We can use the Data Journey to reduce the likelihood of this problem occurring. Specific pairs of creators and consumers are encouraged to share their work experiences with each other to develop a common understanding both of the situation which leads to the inaccurate data capture and to the consequences. Together they come up with suggestions to improve the situation and together they take responsibility for improvements. A series of follow-ups take place to evaluate the suggested improvements and where necessary amend the approach. The resulting benefits can be specifically linked to these users.

The end result is that both the Data Governance effort and the resulting benefits are more personal.

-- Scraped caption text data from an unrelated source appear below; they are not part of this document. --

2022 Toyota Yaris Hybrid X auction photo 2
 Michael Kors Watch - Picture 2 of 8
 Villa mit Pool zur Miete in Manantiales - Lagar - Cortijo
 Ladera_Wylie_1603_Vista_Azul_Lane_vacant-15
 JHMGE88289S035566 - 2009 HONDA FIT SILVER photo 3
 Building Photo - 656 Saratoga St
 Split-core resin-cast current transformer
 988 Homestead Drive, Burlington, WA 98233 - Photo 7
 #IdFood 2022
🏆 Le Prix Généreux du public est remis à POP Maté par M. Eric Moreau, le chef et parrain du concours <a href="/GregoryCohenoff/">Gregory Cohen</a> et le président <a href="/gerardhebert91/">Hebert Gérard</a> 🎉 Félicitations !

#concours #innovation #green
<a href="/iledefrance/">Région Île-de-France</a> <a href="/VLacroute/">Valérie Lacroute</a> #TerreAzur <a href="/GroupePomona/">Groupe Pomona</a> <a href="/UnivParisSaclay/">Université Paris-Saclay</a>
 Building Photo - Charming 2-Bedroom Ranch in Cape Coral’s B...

Rather than being impersonal business cases, the value generated makes a concrete difference for actual users and therefore resonates in re-telling far more than general examples would do.

To sum up, yes Data Governance can be a hard sell. However, with an approach which focusses on actual value in combination with a more nuanced delivery of benefits, we have good chance of selecting the right cocktail of possible Data Governance benefits, and optimal positioning, to ensure maximum resonance with each and every stakeholder.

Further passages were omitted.